📚 I’m halfway through Matt Feeney’s Little Platoons: A Defense of Family in a Competitive Age and it is excellent:
For my part, as both an anxious and pugnacious dad, the idea of that this great competition in which my wife apparently birthed our children requires us to submit the inner workings of our family to the needs of an alien, immoral, technocratic, utilitarian system of achievement kind of pisses me off. And the idea that I have to suck up to certain guardians and gatekeepers of opportunity within this system, and my parenting should be devoted to urging my kids into this sucking up as well, roils my fatherly pride. It makes me want to recommit to the idea that my family is a place apart, a vantage from which I can look upon these forges and these people and tell them, No.
This defiant retreat has a romantic appeal, I admit, and it might be a healthy move for parents to make in the short term. But as a general outlook it is counterproductive in the longer run.
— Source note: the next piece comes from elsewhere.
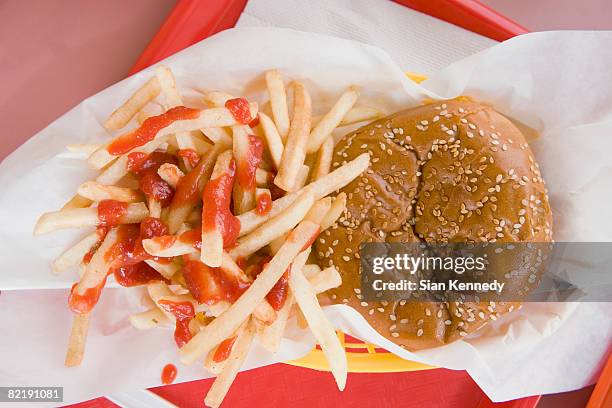 hamburger and french fries on a fast food tray - tray stock pictures, royalty-free photos & images
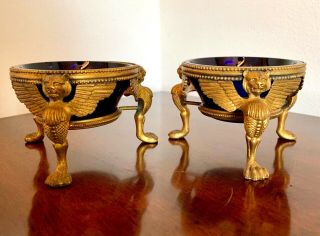 Gold/gilt Footed Winged Lion Open Salt Cellar With Cobalt Glass Inserts.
It takes for granted our atomized predicament as families, and thus reinforces it. Admitting this leads to some of ironic conclusions that might be hard for America’s more conservative defenders of family life to accept: that the autonomy of families is actually undermined by our system of individualized competition; that reorienting the nuclear family away from this anxious striving and toward its traditional rewards and inherent virtues might require heightened solidarity in our social outlook.